WORK TASK:
Without the pictures, write out all the lines below exactly as they appear.
= = = =
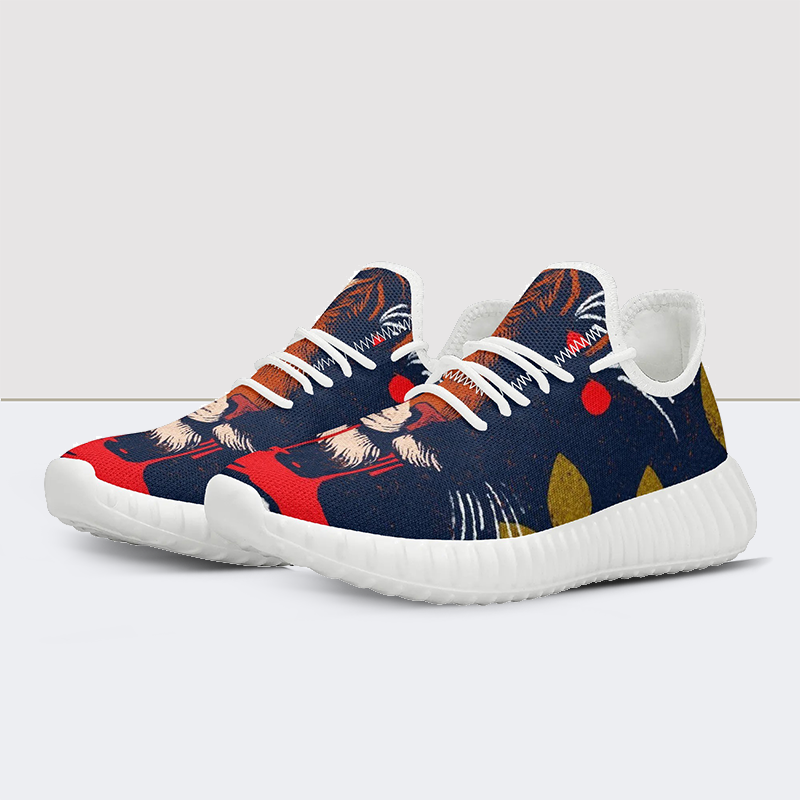 Sneakers aus Mesh-Strick mit Tiger-Print 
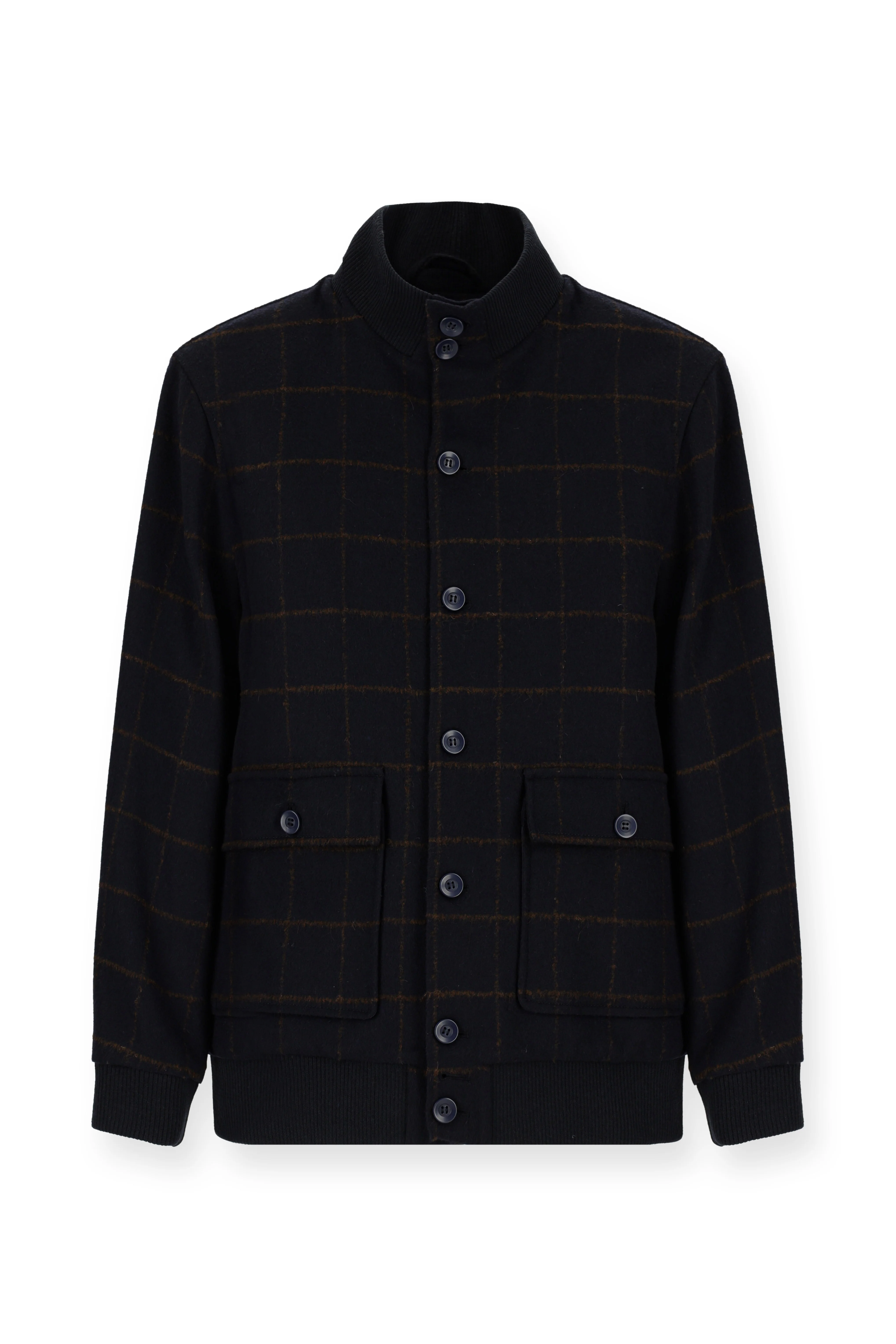 Koyu Lacivert Slim Fit Dar Kesim Kareli Yünlü Bomber Ceket Mont - Image 7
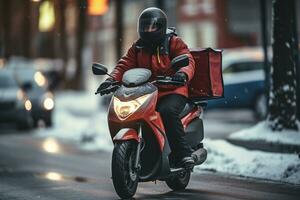 levering Mens Aan een motor met dozen in de stad Bij nacht ai gegenereerd foto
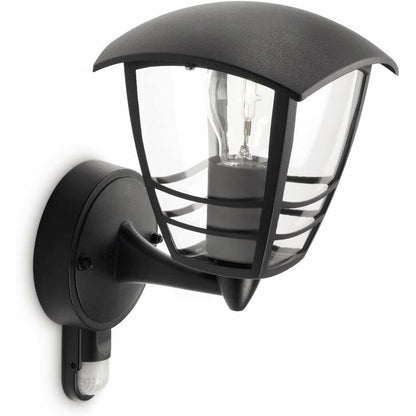 208773 - PHILIPS Dritë muri për jashtë Creek, 60W, rezistente ndaj motit, me sensor lëvizjeje, prizë E27 (llamba nuk përfshihet), e zezë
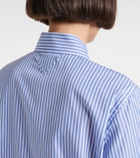 Prada Embellished striped cotton poplin shirt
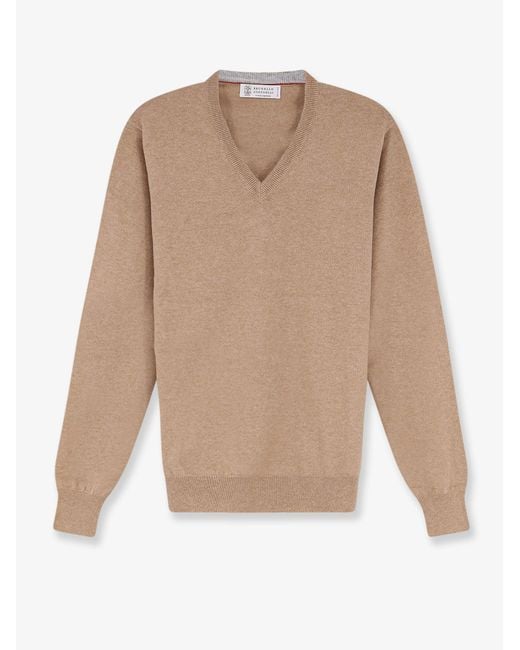 Brunello Cucinelli White Cashmere Sweater for men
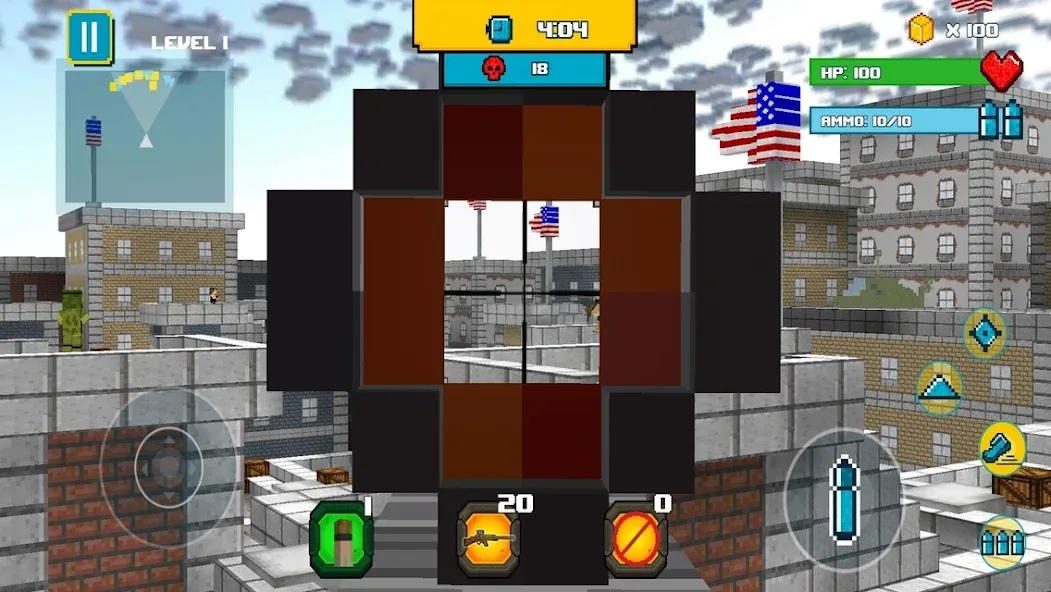 American Block Sniper Survival (Американский блок снайпер выживание) [МОД: Деньги, Монеты и Меню MOD] Screenshot 4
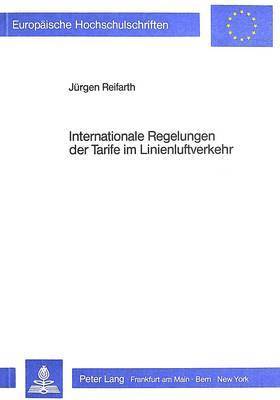 Internationale Regelungen Der Tarife Im Linienluftverkehr 1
= = = =
TASK SOLUTION:
 Sneakers aus Mesh-Strick mit Tiger-Print 
 Koyu Lacivert Slim Fit Dar Kesim Kareli Yünlü Bomber Ceket Mont - Image 7
 levering Mens Aan een motor met dozen in de stad Bij nacht ai gegenereerd foto
 208773 - PHILIPS Dritë muri për jashtë Creek, 60W, rezistente ndaj motit, me sensor lëvizjeje, prizë E27 (llamba nuk përfshihet), e zezë
 Prada Embellished striped cotton poplin shirt
 Brunello Cucinelli White Cashmere Sweater for men
 American Block Sniper Survival (Американский блок снайпер выживание) [МОД: Деньги, Монеты и Меню MOD] Screenshot 4
 Internationale Regelungen Der Tarife Im Linienluftverkehr 1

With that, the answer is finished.